I am off next week to Morocco. Casablanca, if you read between the lines of Lonely Planet, is twinned with the lavatories of Hades, whose list of redeeming features includes only the road out of it – which we shall be taking, south to the Sahara, which sounds almost as vintage Hollywood – Lawrence of Arabia, say, instead of Bogart. But it got me thinking …

The promise of a journey tempts like little else, the lies of the past too easily forgiven in the presence of its roguish charms. I try not to judge myself too harshly. I live in the on the banks of the E.coli-infested Jukskei river, behind the C-Max prison walls of my Tuscan-Zen-with-Provençal-feel estate in the midst of the vast tundra of cookie-cutter clusters in Fourways interspersed with construction sites, from which the snarl and whine of mechanical beasts never ceases. Whenever I venture beyond the boom to jerk spasmodically down the William Nicol to the pumpkin-orange strip mall that is Fourways Crossing, I must first navigate the pile-up of battered minibuses at every intersection. Rubbish from the hawkers selling packets of Cheese Curls and single cigarettes and charred mielies from smoking oil drums huddled below the concrete trunks of billboards and cellular masts dribbles through the wiry Highveld weeds sprouting from the stubble of illegally dumped rubble and into the stagnant ponds of sewerage seeping into the potholes. Finally, I enter a traffic circle – where the only rule is kill or be killed – passing the exit for Plastic Land and the hulk of corrugated sheeting that is Builders Warehouse, before taking the one below the drive-thru KFC in order to arrive for shopping or dining at a restaurant that sports a jumping castle and a view of the basalt Gulag of the car park.

Which brings me to the lure of escape. Panama, Java, Mozambique … the names alone so redolent of cinnamon and romance. It goes a long way back with me, my affair with the afar. To grow up in South Africa in the eighties was to grow up in the last bastion of conservatism marooned in the past. A scramble of cultural echoes did reach the termite-bitten lawns of the suburbs: mostly Dallas and Who’s the Boss?, though Cat Stevens did sneak into the odd LP collection and there were a few winkle-pickers circling the pool tables at the Sunnyside Park Hotel. Barney Simon tried hard but, basically, South Africa missed the second half of the twentieth century.
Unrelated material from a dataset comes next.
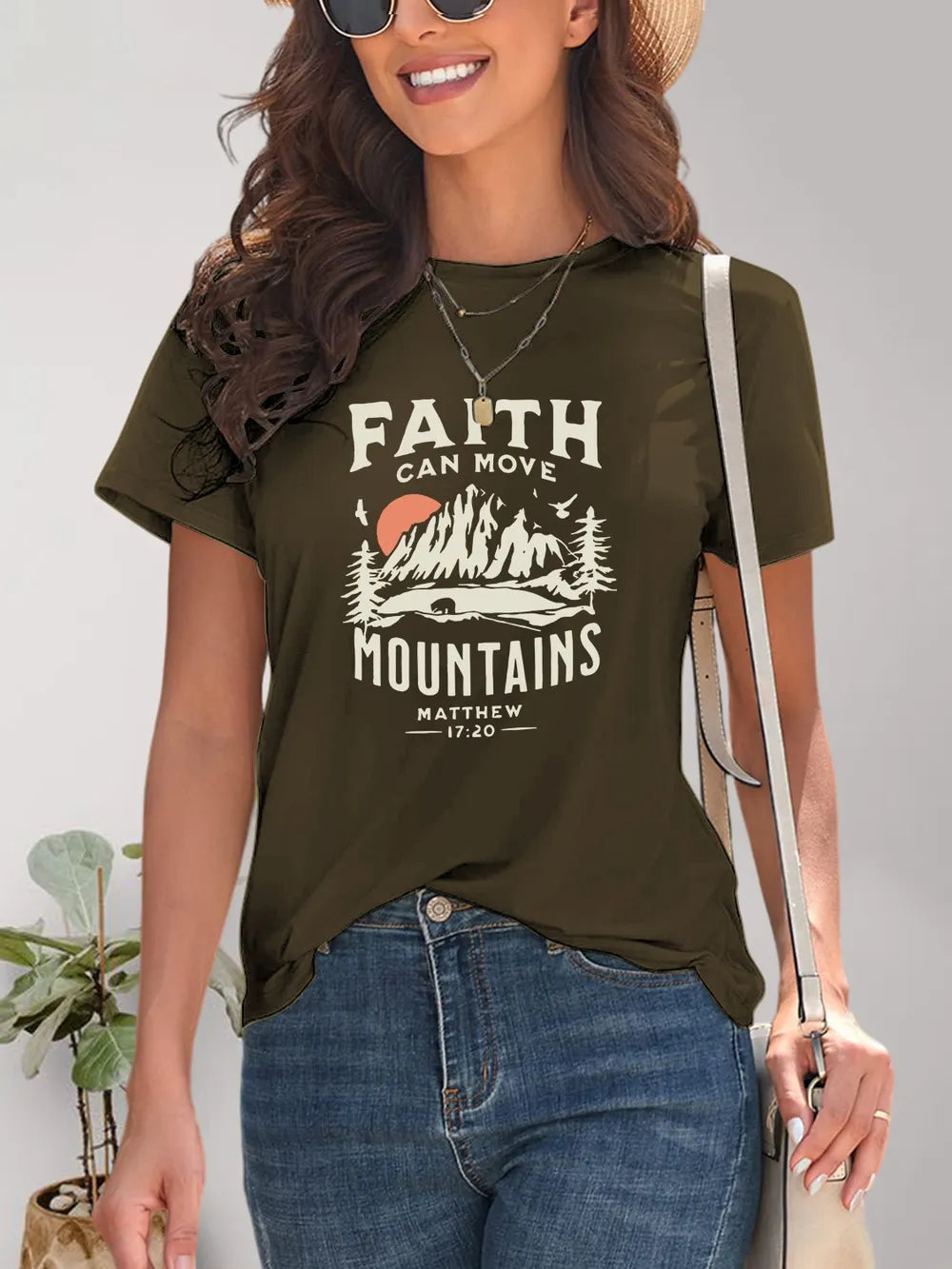 Woman wearing a green t-shirt with 'Faith Can Move Mountains' graphic and text.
By the time I finally boarded the SAL flight to London clutching the address for the OVC youth hostel in Earl’s Court, I was desperate to find out what that was.
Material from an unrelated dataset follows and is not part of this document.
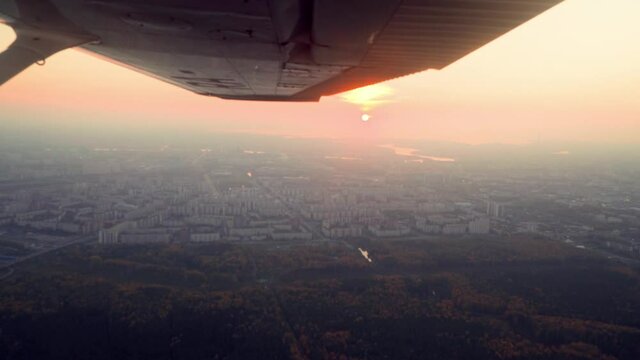 A propeller plane is flying above a village or a small town during a sunset and golden hour, beautiful landscape and nice weather, passenger point of view, smooth shot, cinematic shot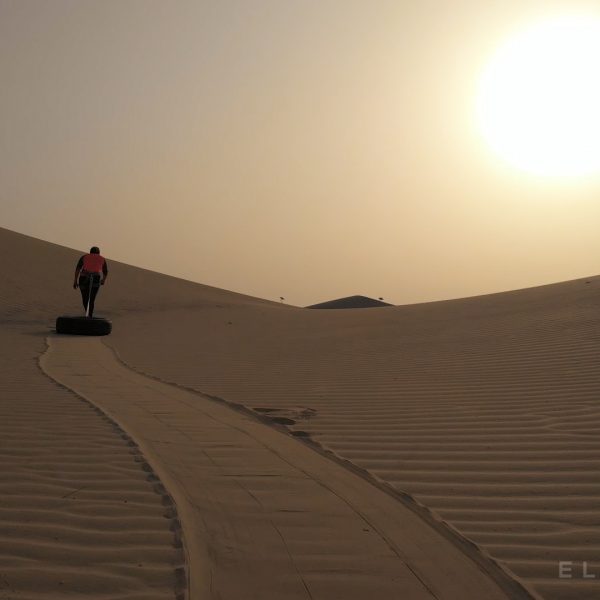 Person pulling a tire attached to a rope through the desrt dunes with some minor vegetation and a bright yellow sun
I sought homelessness at first, tried to make my way as a nomad through the full-moon parties in India, later Turkey, Egypt. But in the end, I found myself draping the reed walls of my shack on the beach in Dahab with my batik sarongs, arranging little bottles of perfume oils bought in the bazaars of Jerusalem on a low dressing table. Travel is full of irony.

Last year I found myself in Ibo Island in the Quirimbas archipelago in northern Mozambique. It struck me as I trailed through the Moorish fort and the gangrenous ruins of the colonial town that there is a poetry to the fact that I journey often to places so terrible the natives try to escape through lion and hyena infested wilderness to get to Joburg.